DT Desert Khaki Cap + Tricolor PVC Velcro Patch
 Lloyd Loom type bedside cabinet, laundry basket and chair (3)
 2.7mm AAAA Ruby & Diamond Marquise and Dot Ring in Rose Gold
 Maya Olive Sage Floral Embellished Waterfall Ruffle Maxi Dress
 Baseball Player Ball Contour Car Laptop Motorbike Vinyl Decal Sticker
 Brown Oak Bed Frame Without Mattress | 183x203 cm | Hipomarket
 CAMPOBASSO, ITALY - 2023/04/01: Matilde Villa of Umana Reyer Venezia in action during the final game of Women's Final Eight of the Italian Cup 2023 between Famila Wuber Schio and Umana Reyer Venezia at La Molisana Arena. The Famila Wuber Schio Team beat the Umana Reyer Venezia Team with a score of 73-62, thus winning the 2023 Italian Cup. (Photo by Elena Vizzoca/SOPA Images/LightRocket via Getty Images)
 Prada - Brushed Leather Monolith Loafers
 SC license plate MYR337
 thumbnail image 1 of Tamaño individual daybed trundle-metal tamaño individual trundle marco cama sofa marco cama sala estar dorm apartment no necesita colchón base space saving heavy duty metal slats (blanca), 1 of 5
====================
_Task to carry out_
At the line with "Lloyd Loom type", begin reproducing the material above exactly, and continue through its last line.

_Result for this exercise_
 Lloyd Loom type bedside cabinet, laundry basket and chair (3)
 2.7mm AAAA Ruby & Diamond Marquise and Dot Ring in Rose Gold
 Maya Olive Sage Floral Embellished Waterfall Ruffle Maxi Dress
 Baseball Player Ball Contour Car Laptop Motorbike Vinyl Decal Sticker
 Brown Oak Bed Frame Without Mattress | 183x203 cm | Hipomarket
 CAMPOBASSO, ITALY - 2023/04/01: Matilde Villa of Umana Reyer Venezia in action during the final game of Women's Final Eight of the Italian Cup 2023 between Famila Wuber Schio and Umana Reyer Venezia at La Molisana Arena. The Famila Wuber Schio Team beat the Umana Reyer Venezia Team with a score of 73-62, thus winning the 2023 Italian Cup. (Photo by Elena Vizzoca/SOPA Images/LightRocket via Getty Images)
 Prada - Brushed Leather Monolith Loafers
 SC license plate MYR337
 thumbnail image 1 of Tamaño individual daybed trundle-metal tamaño individual trundle marco cama sofa marco cama sala estar dorm apartment no necesita colchón base space saving heavy duty metal slats (blanca), 1 of 5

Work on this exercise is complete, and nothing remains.